VERDADE, MAS Aras possivelmente está falando da década em que o multilateralismo foi reforçado no âmbito das Nações Unidas. Antes dos anos 1990, o multilateralismo era prejudicado pela visão geoestratégica da Guerra Fria, de um mundo bipolar. Com o fim do bloco comunista, os países puderam dar atenção a questões globais, como meio ambiente e direitos humanos. Não por acaso datam de 1992 as grandes convenções da ONU sobre meio ambiente e desenvolvimento.

Na mesma década, os membros permanentes do Conselho de Segurança da ONU, o P5, de fato se reuniram para estabelecer critérios nos quais intervenções militares poderiam ser realizadas.

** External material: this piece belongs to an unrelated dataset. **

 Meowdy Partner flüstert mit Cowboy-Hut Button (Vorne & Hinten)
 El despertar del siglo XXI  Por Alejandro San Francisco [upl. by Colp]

O consenso foi que isso pudesse ocorrer por razões humanitárias – em 1994 quase 1 milhão de pessoas foram mortas em Ruanda sem que as potências globais interviessem. O próprio Brasil se engajou nesse tipo de intervenção ao aceitar liderar a missão da ONU de estabilização do Haiti, em 2004.

Isso é bem diferente da insinuação de Aras de que o Brasil estaria sujeito a intervenções por conta de minerais em terras indígenas, algo que nunca foi objeto de nenhuma discussão multilateral. O Brasil estaria sujeito a intervenção, isso sim, se o próprio governo resolvesse massacrar seus indígenas – digamos, para acessar minerais em suas terras.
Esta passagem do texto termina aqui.